Love it or hate it. No matter how to you feel about security, it plays an important role in any application. As developers we usually focus on bringing new features that users wants, or trying out new tools rather than thinking of security. But regardless of our convictions, it’s highly irresponsible to put software which is not secured into operations.
There are different aspects of security in software engineering and clearly in a single blog post, or even in a series it’s not possible to tell everything about it. Therefore I would like to focus on one topic in particular — OAuth 2.0 protocol (and a little bit of OpenID Connect).
This article starts a short, practical series about how to implement security in software applications using OAuth 2.0 authorization protocol. First, I’ll explain basics of how it works (this article). Next I’ll move on to explaining it on a small project that will consists of three components (this will be part of next, upcoming blog posts):
- Keycloak, open source identity and access management service, where users and roles will be defined,
- backend application (Java, Spring Boot), will have protected resources (REST API endpoints) that only users with particular role will be able to consume,
- frontend application (Angular), will consume protected resource and take care of authorizing user.
Passing credentials to third party applications
One of the problem in a software security is how to make sure that system A is allowed to connect to system B. In other words, how to make sure that software applications are authorized to use one another. In case human to machine communication it’s fairly simple. User enters a website/mobile app and before doing anything it asks for valid credentials.

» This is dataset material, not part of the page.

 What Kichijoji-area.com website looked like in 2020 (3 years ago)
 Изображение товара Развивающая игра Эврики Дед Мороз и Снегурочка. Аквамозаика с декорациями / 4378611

But what happens if we would like to have similar protection between two systems? To illustrate this problem, let’s suppose that we would like to login to Dev.to with GitHub account? (it’s possible now, but keep in mind that I don’t know how actually this integration works, I use it only to illustrate a possible scenario).

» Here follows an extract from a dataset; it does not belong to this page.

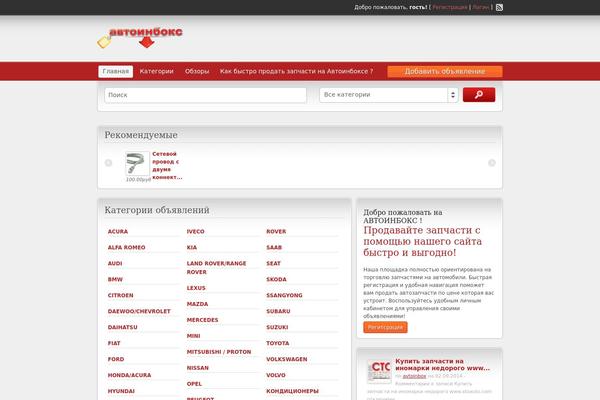 ClassiPress theme site design template sample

One solution for this problem would be to provide your GitHub credentials on Dev.to page. Then Dev.to would pass them (encrypted probably) to GitHub to check if they’re valid. Is it safe to show them to other system? Maybe that’s not the case for Dev.to, but theoretically some untrusted party could save those credentials and mess around with them in future.

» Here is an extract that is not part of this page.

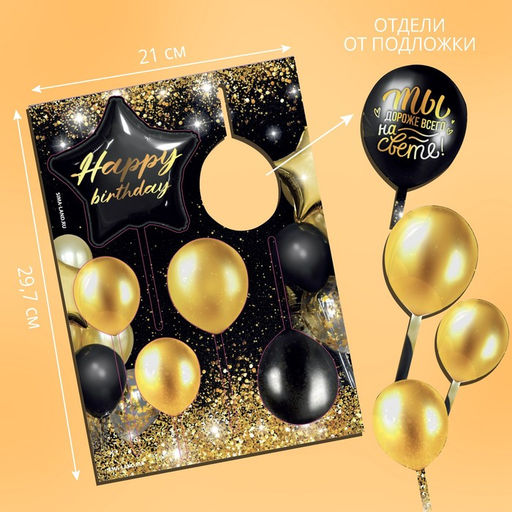 Топпер для торта Happy birthday - Страна карнавалия фото 2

And even if a middle man application is trusted one, there are still some use cases when such software would require to store user credentials.
For example, what happens when a GitHub user session expires? One solution would be to ask user once again for the credentials, but it’s not very user-friendly. Another would be to store credentials on Dev.to site and sent them if needed, which is even worse, which is a security violation.
Second case would be for a nightly jobs. Again, it’s maybe not the Dev.to case, but there are applications that do some batch jobs (e.g. process lots of data) during the night without user interaction. And if this job requires to fetch some protected data from other system it would need to store those credentials, which again should not happen
If we look now on these examples we would see that Dev.to (client application) is acting as a user in all these cases. It requests some data from GitHub (resource owner) and provides real username and password, so from the GitHub perspective Dev.to is no different than a human. Dev.to is impersonating her or him.
And it’s a potentially risky situation, especially for untrusted client applications (of course, I’m not talking now about Dev.to), becuase with your credentials they gain access to do anything with a resources. Going back to our example you probably don’t want Dev.to to be able to delete your repositories or make commits. You want to grant them only limited access, like to have information only basic information about you and maybe have access to a list of your repositories.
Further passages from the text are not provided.